• _Exercise objective_
Word for word, transcribe every line below.

• _Records_
● ● ● ●
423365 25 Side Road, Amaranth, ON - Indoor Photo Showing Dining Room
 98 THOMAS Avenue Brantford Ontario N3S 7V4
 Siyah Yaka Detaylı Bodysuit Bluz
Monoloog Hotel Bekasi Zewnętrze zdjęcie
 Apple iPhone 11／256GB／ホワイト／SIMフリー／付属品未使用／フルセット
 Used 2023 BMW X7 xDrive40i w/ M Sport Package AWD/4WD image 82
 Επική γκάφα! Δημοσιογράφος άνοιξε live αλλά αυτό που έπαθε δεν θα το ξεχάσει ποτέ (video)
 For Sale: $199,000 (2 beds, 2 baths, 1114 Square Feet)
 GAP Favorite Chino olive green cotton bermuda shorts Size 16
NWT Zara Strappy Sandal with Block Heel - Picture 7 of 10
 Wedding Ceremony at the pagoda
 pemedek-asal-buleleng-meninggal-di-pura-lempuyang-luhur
● ● ● ●
• _Response_
423365 25 Side Road, Amaranth, ON - Indoor Photo Showing Dining Room
 98 THOMAS Avenue Brantford Ontario N3S 7V4
 Siyah Yaka Detaylı Bodysuit Bluz
Monoloog Hotel Bekasi Zewnętrze zdjęcie
 Apple iPhone 11／256GB／ホワイト／SIMフリー／付属品未使用／フルセット
 Used 2023 BMW X7 xDrive40i w/ M Sport Package AWD/4WD image 82
 Επική γκάφα! Δημοσιογράφος άνοιξε live αλλά αυτό που έπαθε δεν θα το ξεχάσει ποτέ (video)
 For Sale: $199,000 (2 beds, 2 baths, 1114 Square Feet)
 GAP Favorite Chino olive green cotton bermuda shorts Size 16
NWT Zara Strappy Sandal with Block Heel - Picture 7 of 10
 Wedding Ceremony at the pagoda
 pemedek-asal-buleleng-meninggal-di-pura-lempuyang-luhur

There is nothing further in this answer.